Annie wasn’t at the section station when he phoned her. He had tried her at home, too, but either she had already left for St. Ives, or she wasn’t answering her phone. Next he dialed her mobile number but still got no answer. Maybe she didn’t want to talk to him.

Banks went downstairs and lit a cigarette. Miles Davis’s Bitches Brew was playing on the stereo, bringing back more memories of Jem.

During one of those periods when the Met had brought in a new broom, and corruption charges were flying right, left and center, Banks again saw the man he had first seen walking up the stairs on the night of Jem’s death. A dealer. His name was Malcolm, and he had been brought in to give evidence against a certain DS Fallon, who was charged with extorting heroin from importers he busted instead of arresting them. Fallon then set up his own distribution network, which included Malcolm. In Banks’s eyes, that made Malcolm partly responsible for Jem’s death, and when he saw DS Fallon, he recognized immediately the pockmarked face and cynical smile of the cop who had rifled his bed-sit after he’d reported Jem’s death. No wonder no charges had ever been laid.

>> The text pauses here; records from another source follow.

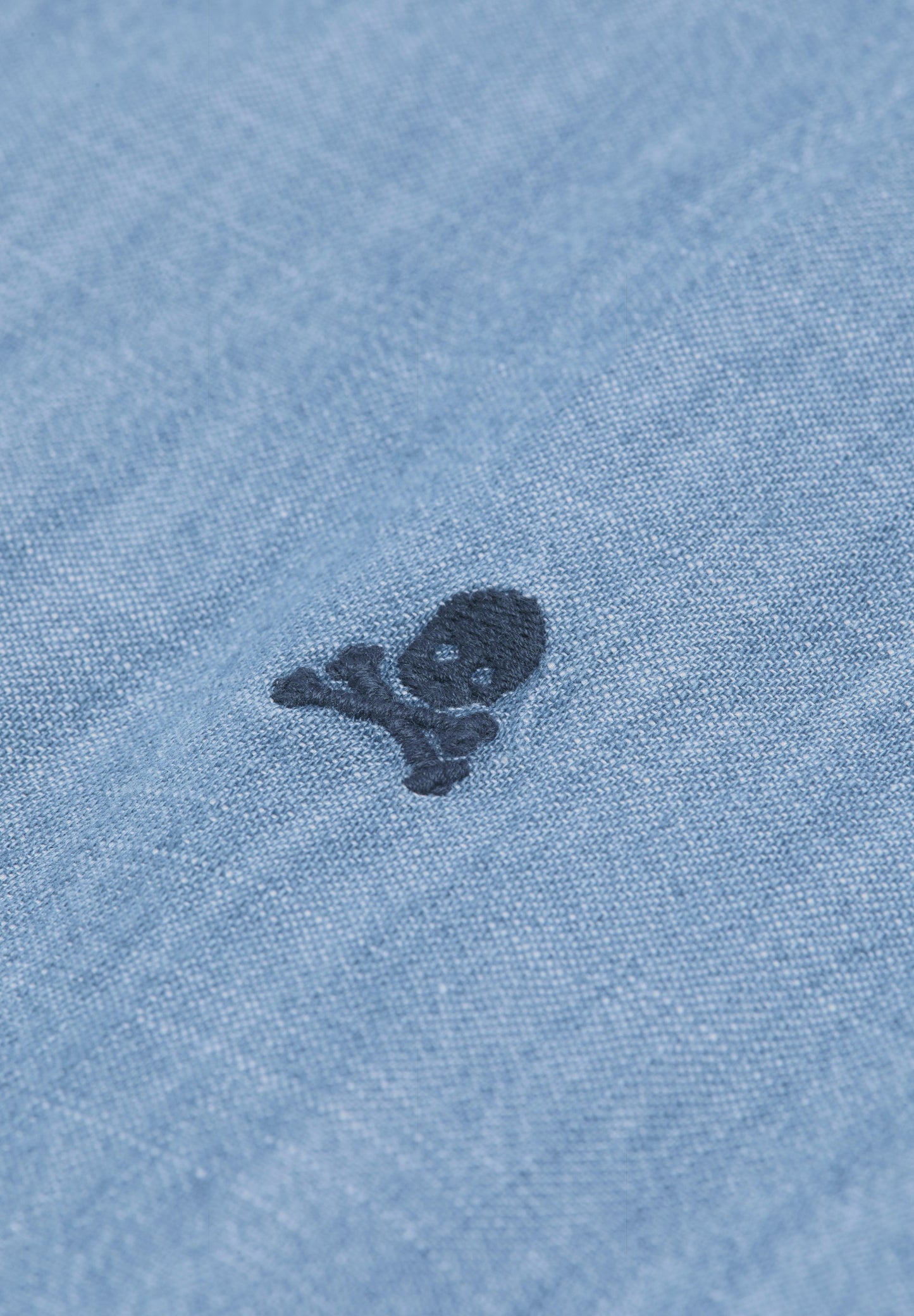 CAMISA DENIM CALAVERA CUELLO BOTONES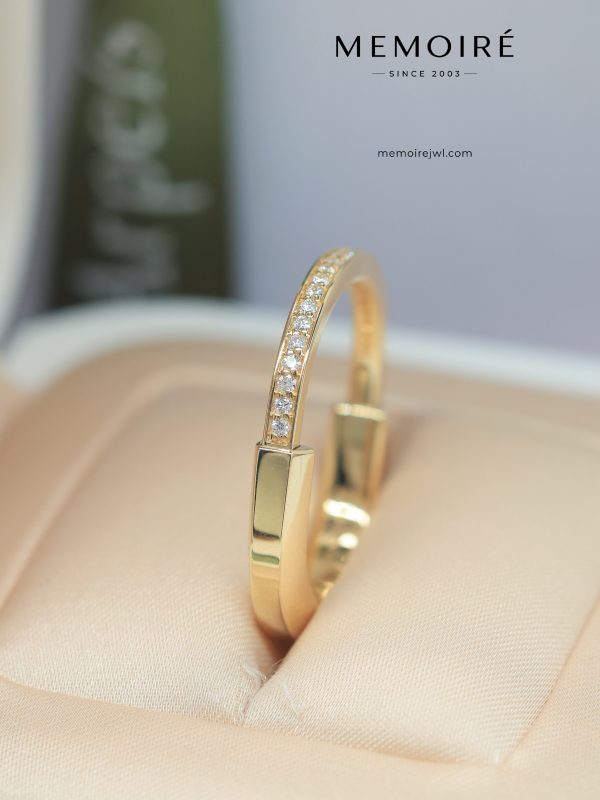 MEMOIRÉ Yellow Gold Narrow Half-Pave U-Shape Ring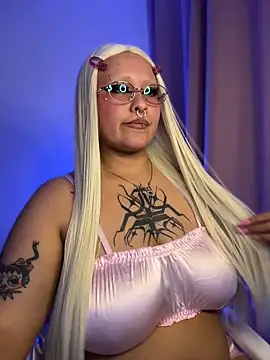 pinkbaddie777 online show from 04.22.26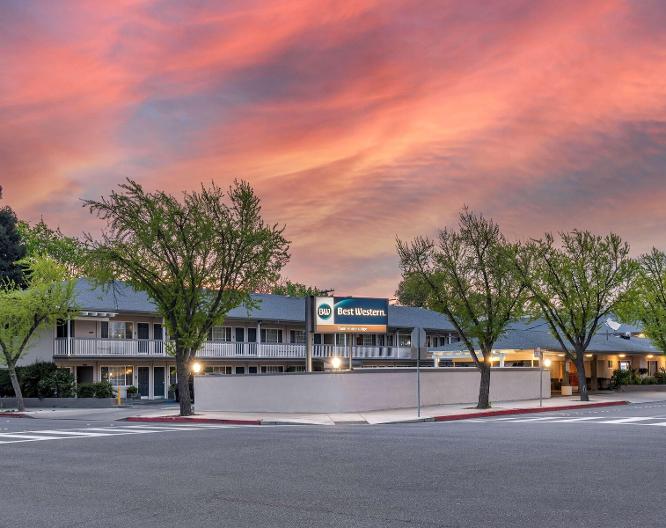 Best Western Town House Lodge - Außenansicht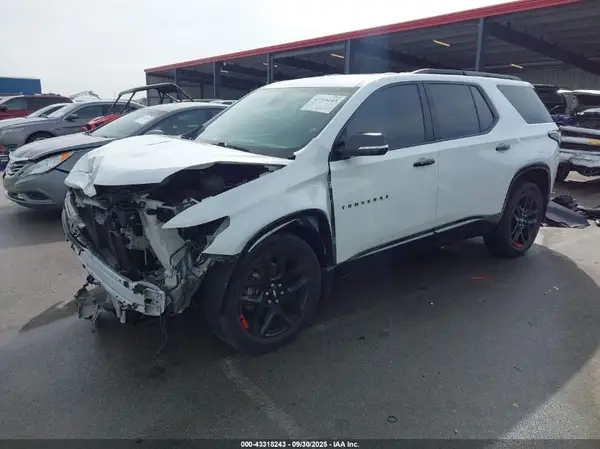 1GNEVJKW7JJ252524 2018 CHEVROLET TRAVERSE - Image 2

Fallon was arrested and sentenced. He hadn’t been more than eighteen months in Wormwood Scrubs before a lifer who recognized him stabbed him through the ear with a filed-down length of metal. Karma. After five years or more it was hardly instant, but it was karma nonetheless. Jem would have liked that sense of symmetry.

Banks stubbed out his cigarette and was just heading into the bathroom to brush his teeth when the telephone rang. The sound startled him. He hoped it wasn’t Jenny phoning to cancel. With Annie going all cold on him, he had been entertaining some pleasant fantasies about the forthcoming dinner. As soon as he heard the voice, though, he realized there could be much worse things in the world than Jenny phoning to cancel dinner.

“Why is it, Banks,” growled Chief Constable Riddle, “that you manage to make a pig’s arse out of everything you do?”

“Sir?”

“You heard me.”

“Sir, it’s after six on a Fri -”

“I don’t give a monkey’s toss what bloody time it is, or what day it is. I give you a perfectly simple case to work on. Nothing too urgent. Nothing too exacting. Out of the goodness of my heart. And what happens? All my good intentions blow up in our faces, that’s what happens.”

“Sir, I don’t know what you’re talking about.”

“You might not, but the rest of the bloody country does. Don’t you watch the news?”

“No, sir. I’ve been getting ready to go out.”

“Then you’d better cancel. I’m sure she’ll forgive you. Not that I care about your sex life. Do you know where I’m calling from?”

“No, sir.”

“I’m calling from Thornfield Reservoir. Listen carefully and you’ll hear the rain. And the thunder. Let me fill you in. Shortly over an hour ago, a woman was taken hostage. She had taken a taxi out here and told the driver to wait while she went to look at something. When he thought he’d waited long enough, he went to look for her and saw her standing with a man who appeared to be holding a gun to her head. The man fired a shot in the air and shouted his demand, and the taxi driver ran back to his car and phoned the police. The woman’s name is Vivian Elmsley. Ring any bells?”

Banks’s heart lurched. “Vivian Elmsley? Yes, she’s-”

“I know damn well who she is, Banks. What I don’t know is why some maniac is holding a gun to her head and demanding to talk to the detective in charge of the Gloria Shackleton investigation. Because that’s what he demanded the taxi driver report. Can you fill me in on that?”